Un exercice d’imagerie mentale un peu trop facile ?
Bastien est donc arrivé avec ça : mettre un terme à cette mauvaise série. Le préparateur mental n’étant pas un magicien, il doit bien faire comprendre au sportif qu’il va devoir s’entraîner mentalement ! Ce serait trop simple de rentrer dans les cerveaux, et dangereux. Comme pour chaque sportif je lui ai demandé quels outils il avait utilisés pour avancer, ses « bidouilles », ses expérimentations. Voire même s’il avait déjà travaillé avec quelqu’un : autre préparateur mental, entraîneur, oncle, ami, etc. Souvent, avant de prendre rendez-vous, un sportif a déjà tenté d’avancer de son côté ! Et quand ça ne fonctionne pas comme il le souhaite, il appelle.
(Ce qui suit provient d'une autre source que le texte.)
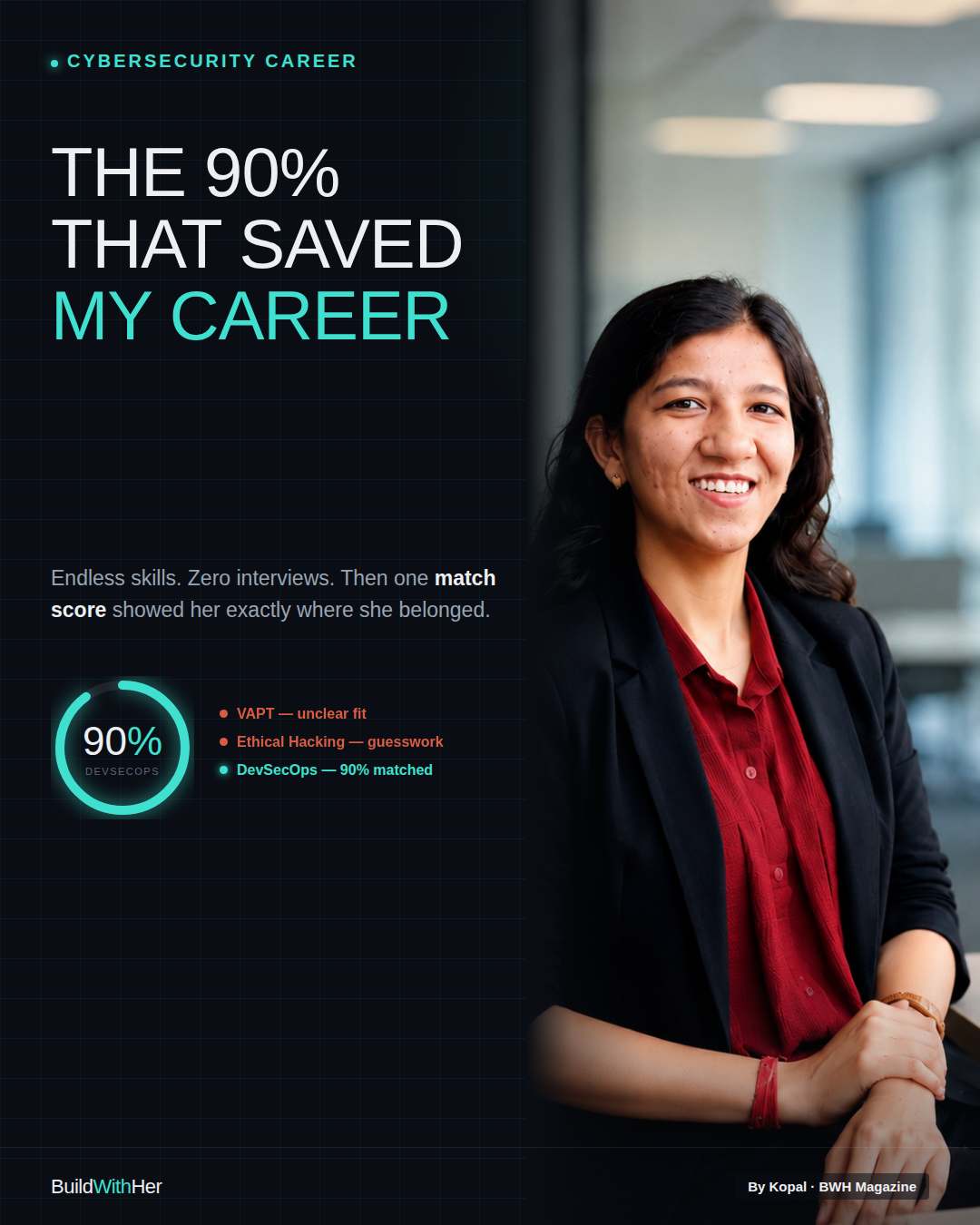 The 90% That Saved My Cybersecurity Career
Ce n’est donc pas le moment de lui ressortir le coup du relâchement et de la décontraction, en général déjà exploré…
Voici donc ce que je lui ai proposé, sorte de « feeling », une intuition qui me disait « vas-y, explore de ce côté-là ». Je lui ai demandé s’il avait en tête un point récemment gagné, et pour lequel il était au service (à défaut, il est possible d’en inventer un mentalement). L’idée était de trouver une situation qui dure une quinzaine de secondes. Sans donner d’autres consignes, je lui ai proposé de revivre ce point mentalement, juste en fermant les yeux. À la fin, je lui ai posé cette question : « tu as gagné le point ? » Je me souviens encore de son regard, me prenant pour le plus grand des imbéciles ! Comment aurait-il pu perdre, puisque je lui ai demandé de choisir un point gagnant ?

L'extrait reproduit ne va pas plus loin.